**What is required:** All lines from the one containing "katikasmodacurvy" to the end of the entries below should be output exactly as they appear. No other lines should be output.

**Data for review:**
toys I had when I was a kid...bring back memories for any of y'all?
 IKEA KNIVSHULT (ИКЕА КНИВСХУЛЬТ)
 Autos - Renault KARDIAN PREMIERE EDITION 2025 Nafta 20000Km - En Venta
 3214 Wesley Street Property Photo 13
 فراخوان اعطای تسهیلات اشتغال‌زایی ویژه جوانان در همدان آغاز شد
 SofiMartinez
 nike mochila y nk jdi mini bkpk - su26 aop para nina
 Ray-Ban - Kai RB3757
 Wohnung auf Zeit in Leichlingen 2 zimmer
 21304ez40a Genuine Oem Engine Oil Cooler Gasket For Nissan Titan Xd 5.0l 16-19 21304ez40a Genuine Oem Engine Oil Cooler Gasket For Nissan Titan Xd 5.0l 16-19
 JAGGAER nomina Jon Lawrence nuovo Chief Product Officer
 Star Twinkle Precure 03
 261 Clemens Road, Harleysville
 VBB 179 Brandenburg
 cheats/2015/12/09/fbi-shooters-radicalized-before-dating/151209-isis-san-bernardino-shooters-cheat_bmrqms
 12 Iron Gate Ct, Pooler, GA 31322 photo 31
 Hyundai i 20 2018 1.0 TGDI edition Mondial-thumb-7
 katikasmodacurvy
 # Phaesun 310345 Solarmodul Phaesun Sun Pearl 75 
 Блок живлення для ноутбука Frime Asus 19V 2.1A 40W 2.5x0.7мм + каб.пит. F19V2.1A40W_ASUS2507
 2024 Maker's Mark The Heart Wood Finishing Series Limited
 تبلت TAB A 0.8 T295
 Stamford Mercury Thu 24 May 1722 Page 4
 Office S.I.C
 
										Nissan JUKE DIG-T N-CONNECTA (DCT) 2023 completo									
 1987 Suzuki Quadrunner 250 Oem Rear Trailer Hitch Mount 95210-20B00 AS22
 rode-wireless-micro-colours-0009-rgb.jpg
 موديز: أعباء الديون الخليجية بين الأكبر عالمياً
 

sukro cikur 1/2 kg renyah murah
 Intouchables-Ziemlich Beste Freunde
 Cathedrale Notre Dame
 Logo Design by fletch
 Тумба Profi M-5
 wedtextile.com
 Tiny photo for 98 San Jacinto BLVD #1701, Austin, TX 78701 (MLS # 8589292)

**Solution for this problem:**
 katikasmodacurvy
 # Phaesun 310345 Solarmodul Phaesun Sun Pearl 75 
 Блок живлення для ноутбука Frime Asus 19V 2.1A 40W 2.5x0.7мм + каб.пит. F19V2.1A40W_ASUS2507
 2024 Maker's Mark The Heart Wood Finishing Series Limited
 تبلت TAB A 0.8 T295
 Stamford Mercury Thu 24 May 1722 Page 4
 Office S.I.C
 
										Nissan JUKE DIG-T N-CONNECTA (DCT) 2023 completo									
 1987 Suzuki Quadrunner 250 Oem Rear Trailer Hitch Mount 95210-20B00 AS22
 rode-wireless-micro-colours-0009-rgb.jpg
 موديز: أعباء الديون الخليجية بين الأكبر عالمياً
 

sukro cikur 1/2 kg renyah murah
 Intouchables-Ziemlich Beste Freunde
 Cathedrale Notre Dame
 Logo Design by fletch
 Тумба Profi M-5
 wedtextile.com
 Tiny photo for 98 San Jacinto BLVD #1701, Austin, TX 78701 (MLS # 8589292)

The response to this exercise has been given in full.